Villavallelonga. In una nota, alcune artiste del gruppo “In faggeta”, colpite dai meravigliosi e variegati colori di Villavallelonga e dalle storie raccontate dalle anziane del paese, hanno descritto la loro esperienza e le sensazioni provate: “Il color cannella del tappeto di foglie che ricopre la valle, i fitti raggi del sole filtrati tra le fronde semispoglie, l’addensarsi delle nuvole, il rosso delle bacche, le variazioni dei verdi, dei gialli, dell’arancio, del viola. Sono i colori dell’autunno catturati da un gruppo di artiste nel cuore della faggeta di Villavallelonga. Una tavolozza naturale che da millenni segna il volgere delle stagioni, i mutamenti di luce, il cambio di sfumature nel bosco. La pittura come espressione della vita che si trasforma.
Accanto alle pennellate delle pittrici, risuona la voce delle anziane del paese. Agnese, Lucia, Francesca, Franca, Pasquarella e Urbana raccontano le vite di frontiera in un villaggio di montagna che nulla aveva fuorché natura: alberi e animali, valli e monti, pietre e terra. Una vita di fatica, fatta di lunghe transumanze per uomini e greggi e faticose marce a piedi o in sella agli asini per le donne. Dal paese alla piana del Fucino per coltivare la terra, da casa agli stazzi nei pascoli tra i boschi per portare da mangiare a padri e mariti. Questo per chi possedeva terreni e armenti, ma per chi non aveva nulla c’era solo il bosco, con la sua inesauribile “miniera” di legno da scambiare per sopravvivere. Si viveva solo di baratto: formaggio in cambio di frutta, legumi in cambio di stoffa, e legna in cambio di tutto quel che serve. Gli alberi hanno sfamato i più poveri, hanno accolto cavalli e pecore, hanno dato riparo agli animali selvatici. Quasi come una fiaba, Franca racconta il suo incontro con il lupo che aveva puntato una pecora. Sono state le sue urla a mandarlo via. Così come in un romanzo epistolare ricorda le lettere degli uomini in transumanza: “Per grazia di Sant’Antonio stiamo bene, noi e gli animali”.
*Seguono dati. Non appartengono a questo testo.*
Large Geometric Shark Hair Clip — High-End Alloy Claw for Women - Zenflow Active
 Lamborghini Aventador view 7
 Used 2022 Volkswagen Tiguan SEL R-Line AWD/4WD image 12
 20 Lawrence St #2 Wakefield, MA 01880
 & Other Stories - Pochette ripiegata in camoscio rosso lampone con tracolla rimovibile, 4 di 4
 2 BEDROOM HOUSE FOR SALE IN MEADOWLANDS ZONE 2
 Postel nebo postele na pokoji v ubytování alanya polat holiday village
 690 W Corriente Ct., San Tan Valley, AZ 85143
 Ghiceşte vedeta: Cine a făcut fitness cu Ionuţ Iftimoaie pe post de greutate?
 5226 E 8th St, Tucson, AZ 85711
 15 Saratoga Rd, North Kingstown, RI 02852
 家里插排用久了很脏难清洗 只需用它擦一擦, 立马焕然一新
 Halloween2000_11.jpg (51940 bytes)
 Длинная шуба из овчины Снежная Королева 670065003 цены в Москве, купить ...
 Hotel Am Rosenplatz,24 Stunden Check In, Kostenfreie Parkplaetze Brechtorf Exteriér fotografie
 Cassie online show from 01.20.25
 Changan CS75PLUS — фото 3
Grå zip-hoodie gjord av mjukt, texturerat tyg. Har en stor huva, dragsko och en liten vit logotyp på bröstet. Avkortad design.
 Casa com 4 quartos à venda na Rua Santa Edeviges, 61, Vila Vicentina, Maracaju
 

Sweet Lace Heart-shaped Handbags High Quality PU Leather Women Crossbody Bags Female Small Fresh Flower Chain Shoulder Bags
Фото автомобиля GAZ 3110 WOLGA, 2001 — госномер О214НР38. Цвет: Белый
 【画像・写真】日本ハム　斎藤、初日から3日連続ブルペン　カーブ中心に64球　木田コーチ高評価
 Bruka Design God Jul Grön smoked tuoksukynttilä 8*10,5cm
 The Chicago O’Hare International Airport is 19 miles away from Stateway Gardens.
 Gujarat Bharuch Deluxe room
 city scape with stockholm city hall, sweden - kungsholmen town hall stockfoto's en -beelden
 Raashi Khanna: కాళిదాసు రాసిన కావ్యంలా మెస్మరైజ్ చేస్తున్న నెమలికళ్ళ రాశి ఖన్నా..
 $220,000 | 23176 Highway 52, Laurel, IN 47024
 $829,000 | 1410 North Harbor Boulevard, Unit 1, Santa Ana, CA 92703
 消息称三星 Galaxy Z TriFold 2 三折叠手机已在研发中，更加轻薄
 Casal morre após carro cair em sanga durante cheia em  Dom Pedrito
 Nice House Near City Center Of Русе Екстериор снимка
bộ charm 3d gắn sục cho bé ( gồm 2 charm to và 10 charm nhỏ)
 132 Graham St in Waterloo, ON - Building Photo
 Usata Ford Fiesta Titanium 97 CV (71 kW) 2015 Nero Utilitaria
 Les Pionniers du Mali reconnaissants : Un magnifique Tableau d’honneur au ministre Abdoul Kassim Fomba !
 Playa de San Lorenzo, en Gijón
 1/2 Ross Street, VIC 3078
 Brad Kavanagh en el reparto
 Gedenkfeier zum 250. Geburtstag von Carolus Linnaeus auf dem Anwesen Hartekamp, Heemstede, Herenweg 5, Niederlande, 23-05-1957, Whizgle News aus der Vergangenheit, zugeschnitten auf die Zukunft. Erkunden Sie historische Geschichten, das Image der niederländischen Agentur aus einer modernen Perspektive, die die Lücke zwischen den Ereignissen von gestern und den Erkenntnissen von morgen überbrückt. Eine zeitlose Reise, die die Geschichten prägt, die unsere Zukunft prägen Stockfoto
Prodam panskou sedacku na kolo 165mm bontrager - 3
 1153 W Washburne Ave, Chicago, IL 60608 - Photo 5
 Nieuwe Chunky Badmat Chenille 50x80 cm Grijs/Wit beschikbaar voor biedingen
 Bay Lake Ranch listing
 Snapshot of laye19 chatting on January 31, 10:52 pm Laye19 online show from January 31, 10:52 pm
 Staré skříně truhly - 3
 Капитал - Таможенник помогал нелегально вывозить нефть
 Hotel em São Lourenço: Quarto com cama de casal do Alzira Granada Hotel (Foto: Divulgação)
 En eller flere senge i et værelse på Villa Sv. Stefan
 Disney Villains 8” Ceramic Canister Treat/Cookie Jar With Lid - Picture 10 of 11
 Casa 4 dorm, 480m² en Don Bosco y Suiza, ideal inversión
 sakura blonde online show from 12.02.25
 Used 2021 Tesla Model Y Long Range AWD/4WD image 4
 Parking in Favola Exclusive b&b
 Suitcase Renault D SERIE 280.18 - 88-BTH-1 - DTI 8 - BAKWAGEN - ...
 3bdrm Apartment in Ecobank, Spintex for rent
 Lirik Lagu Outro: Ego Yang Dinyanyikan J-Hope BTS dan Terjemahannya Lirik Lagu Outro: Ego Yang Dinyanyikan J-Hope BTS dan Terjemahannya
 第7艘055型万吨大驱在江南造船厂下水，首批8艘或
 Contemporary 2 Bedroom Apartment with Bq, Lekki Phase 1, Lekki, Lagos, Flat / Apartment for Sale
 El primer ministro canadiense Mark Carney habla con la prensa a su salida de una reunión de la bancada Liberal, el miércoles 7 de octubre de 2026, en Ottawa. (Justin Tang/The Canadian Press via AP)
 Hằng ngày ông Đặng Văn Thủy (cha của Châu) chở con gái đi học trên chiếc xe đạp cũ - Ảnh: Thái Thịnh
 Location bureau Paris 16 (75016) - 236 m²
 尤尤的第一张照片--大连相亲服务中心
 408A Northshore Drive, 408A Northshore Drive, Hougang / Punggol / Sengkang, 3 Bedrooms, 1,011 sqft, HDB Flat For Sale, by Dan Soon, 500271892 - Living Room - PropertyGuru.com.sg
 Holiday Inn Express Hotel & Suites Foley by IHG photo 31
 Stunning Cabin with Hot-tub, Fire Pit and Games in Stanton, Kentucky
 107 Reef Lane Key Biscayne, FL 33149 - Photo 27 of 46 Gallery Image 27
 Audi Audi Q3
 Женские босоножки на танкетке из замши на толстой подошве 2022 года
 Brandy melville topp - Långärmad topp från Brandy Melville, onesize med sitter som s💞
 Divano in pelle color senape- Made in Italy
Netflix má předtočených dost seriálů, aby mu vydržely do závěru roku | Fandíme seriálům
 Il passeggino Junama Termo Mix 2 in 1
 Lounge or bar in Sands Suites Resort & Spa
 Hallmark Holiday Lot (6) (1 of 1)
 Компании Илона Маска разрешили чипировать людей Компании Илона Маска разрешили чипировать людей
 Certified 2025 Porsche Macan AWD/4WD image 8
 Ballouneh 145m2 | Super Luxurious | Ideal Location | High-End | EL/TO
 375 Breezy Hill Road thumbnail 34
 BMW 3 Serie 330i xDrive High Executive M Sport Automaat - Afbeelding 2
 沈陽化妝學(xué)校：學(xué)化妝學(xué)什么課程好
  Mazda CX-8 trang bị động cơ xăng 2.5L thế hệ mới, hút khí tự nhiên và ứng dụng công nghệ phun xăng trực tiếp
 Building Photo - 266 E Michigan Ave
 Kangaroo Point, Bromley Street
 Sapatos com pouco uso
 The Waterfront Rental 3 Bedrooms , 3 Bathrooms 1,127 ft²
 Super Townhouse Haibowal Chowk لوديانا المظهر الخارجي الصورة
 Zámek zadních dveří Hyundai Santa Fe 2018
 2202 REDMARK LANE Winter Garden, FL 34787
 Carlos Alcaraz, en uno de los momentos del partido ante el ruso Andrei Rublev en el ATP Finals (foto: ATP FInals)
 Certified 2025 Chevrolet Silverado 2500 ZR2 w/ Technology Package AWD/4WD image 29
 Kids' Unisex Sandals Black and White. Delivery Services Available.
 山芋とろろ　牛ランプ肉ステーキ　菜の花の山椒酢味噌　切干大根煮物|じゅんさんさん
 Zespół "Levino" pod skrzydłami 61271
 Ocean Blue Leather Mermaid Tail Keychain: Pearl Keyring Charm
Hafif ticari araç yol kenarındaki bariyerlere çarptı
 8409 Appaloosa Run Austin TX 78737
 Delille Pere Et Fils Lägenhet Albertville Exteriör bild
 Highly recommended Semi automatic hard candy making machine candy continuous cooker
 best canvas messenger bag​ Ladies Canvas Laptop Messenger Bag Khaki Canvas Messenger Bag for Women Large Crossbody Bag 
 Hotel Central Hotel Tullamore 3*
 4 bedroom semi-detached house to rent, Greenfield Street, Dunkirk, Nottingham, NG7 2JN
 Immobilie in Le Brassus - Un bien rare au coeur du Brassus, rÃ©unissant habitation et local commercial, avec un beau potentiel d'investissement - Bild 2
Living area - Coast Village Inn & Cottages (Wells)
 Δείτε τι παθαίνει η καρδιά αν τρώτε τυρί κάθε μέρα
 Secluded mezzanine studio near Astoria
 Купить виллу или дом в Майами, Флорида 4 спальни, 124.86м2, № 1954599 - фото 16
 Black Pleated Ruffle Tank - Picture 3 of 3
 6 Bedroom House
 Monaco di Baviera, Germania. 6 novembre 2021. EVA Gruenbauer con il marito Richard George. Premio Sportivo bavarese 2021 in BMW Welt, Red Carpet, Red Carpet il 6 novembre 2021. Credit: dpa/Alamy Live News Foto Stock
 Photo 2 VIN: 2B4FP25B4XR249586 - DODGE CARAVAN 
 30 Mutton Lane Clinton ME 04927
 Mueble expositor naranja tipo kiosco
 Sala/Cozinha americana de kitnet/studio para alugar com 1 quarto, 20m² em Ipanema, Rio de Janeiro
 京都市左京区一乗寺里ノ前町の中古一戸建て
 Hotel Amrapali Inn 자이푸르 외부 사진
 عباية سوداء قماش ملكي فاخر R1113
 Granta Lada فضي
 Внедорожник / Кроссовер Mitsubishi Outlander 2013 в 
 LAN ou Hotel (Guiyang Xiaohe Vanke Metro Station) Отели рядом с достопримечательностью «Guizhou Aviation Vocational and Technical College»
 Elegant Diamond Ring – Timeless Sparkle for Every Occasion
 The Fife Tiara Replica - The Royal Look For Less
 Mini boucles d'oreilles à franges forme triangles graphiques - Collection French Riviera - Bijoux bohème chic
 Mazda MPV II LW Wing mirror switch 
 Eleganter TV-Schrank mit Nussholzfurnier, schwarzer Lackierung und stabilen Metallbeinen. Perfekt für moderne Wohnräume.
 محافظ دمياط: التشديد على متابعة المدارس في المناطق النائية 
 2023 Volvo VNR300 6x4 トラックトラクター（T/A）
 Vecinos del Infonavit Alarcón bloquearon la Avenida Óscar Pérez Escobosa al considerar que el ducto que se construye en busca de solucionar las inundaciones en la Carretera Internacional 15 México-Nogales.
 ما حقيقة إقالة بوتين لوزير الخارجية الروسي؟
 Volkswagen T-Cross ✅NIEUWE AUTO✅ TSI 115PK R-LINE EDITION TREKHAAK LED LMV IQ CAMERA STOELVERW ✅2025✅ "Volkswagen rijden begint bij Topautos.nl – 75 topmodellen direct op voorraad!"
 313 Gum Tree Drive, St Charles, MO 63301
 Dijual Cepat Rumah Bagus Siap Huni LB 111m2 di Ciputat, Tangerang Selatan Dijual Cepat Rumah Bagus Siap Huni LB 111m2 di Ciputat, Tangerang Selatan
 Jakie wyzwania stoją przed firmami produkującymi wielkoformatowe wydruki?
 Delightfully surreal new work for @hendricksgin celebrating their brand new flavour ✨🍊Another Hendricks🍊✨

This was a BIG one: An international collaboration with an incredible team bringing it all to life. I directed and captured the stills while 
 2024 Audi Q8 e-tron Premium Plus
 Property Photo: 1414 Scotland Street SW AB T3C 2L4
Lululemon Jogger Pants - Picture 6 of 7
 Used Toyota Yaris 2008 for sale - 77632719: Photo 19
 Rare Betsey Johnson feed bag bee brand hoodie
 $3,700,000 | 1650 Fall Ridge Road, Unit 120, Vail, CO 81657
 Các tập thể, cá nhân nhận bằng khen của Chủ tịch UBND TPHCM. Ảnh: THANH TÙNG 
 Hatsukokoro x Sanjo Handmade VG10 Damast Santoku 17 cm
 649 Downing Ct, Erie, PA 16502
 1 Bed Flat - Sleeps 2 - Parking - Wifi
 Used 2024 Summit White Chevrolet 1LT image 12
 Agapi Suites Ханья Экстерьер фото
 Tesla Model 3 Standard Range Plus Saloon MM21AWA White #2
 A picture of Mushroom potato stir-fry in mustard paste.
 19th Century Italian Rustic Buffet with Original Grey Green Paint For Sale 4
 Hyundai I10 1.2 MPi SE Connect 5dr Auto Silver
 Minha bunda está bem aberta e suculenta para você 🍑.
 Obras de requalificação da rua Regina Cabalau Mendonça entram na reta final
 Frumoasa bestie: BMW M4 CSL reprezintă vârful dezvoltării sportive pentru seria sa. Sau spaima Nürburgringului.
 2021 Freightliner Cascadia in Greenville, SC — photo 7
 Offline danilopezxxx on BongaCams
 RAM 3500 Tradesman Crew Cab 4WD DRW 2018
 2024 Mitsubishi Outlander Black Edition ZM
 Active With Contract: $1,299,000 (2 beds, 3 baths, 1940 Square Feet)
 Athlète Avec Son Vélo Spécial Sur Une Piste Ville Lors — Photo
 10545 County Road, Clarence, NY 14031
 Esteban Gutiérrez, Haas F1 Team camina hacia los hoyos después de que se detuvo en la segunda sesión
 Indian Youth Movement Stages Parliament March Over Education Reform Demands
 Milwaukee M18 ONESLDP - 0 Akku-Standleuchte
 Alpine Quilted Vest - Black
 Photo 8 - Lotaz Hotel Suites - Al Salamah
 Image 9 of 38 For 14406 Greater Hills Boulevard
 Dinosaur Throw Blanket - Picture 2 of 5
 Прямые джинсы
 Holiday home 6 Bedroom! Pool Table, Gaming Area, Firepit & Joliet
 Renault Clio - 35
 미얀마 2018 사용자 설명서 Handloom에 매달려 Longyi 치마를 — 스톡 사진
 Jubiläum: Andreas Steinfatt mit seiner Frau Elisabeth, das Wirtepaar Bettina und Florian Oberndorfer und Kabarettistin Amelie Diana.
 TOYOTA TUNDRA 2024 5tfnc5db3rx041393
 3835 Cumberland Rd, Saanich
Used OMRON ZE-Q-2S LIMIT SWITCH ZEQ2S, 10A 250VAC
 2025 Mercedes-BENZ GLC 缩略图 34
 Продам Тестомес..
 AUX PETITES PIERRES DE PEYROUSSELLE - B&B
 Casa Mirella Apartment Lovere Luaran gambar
Era una vita grama, c’era poco, ma era bello stare in paese, si parlava con tutti, chi poteva aiutava i meno fortunati, si festeggiavano insieme le panarde (festa tradizionale di Sant’Antonio Abbate). Ma i balli no, quelli non erano consentiti: vita ruvida, senza frivolezze. Vestiti fatti in casa, cibo autoprodotto, parsimonia e rigore. E istruzione per tutti: bambine e bambini andavano a scuola, imparavano a leggere e scrivere e ancora oggi ripetono i versi in rima imparati a memoria 70 anni fa.
Con questa iniziativa rendiamo omaggio a un paese che vive ai margini, ma che già 100 anni fa aveva fatto tesoro del suo patrimonio naturale. E’ del 1921, infatti, la cessione dei boschi ad un’associazione di tutela e conservazione, un anno prima del regio decreto istitutivo del parco”.